**Work order**
Copy out each line of the data that contains "Bedroom".

Records excerpted from a collection:
************
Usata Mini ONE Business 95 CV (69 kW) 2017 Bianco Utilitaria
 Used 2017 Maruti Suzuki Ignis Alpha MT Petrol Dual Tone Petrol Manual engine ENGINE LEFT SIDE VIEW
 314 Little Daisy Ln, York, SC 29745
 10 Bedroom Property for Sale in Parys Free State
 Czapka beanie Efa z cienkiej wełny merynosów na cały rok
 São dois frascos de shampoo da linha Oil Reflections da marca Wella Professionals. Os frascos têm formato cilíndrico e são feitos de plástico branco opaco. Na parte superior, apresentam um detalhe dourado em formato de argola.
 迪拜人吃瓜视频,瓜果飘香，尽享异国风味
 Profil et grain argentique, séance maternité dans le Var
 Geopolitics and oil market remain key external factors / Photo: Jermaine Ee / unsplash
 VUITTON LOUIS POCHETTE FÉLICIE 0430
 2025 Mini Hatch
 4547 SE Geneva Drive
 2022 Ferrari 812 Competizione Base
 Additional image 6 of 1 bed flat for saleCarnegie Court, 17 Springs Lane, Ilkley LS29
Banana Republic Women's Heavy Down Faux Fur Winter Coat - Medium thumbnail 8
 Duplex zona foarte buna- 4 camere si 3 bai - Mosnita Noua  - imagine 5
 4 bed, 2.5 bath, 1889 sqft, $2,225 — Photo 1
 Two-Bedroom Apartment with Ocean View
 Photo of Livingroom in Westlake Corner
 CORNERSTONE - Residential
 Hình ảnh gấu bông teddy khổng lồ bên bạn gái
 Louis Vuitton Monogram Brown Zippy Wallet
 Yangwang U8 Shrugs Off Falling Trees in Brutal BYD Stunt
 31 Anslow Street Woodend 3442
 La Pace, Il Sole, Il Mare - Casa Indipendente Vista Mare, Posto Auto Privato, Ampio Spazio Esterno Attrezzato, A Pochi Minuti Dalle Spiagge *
************
**Answer area**
 10 Bedroom Property for Sale in Parys Free State
 Two-Bedroom Apartment with Ocean View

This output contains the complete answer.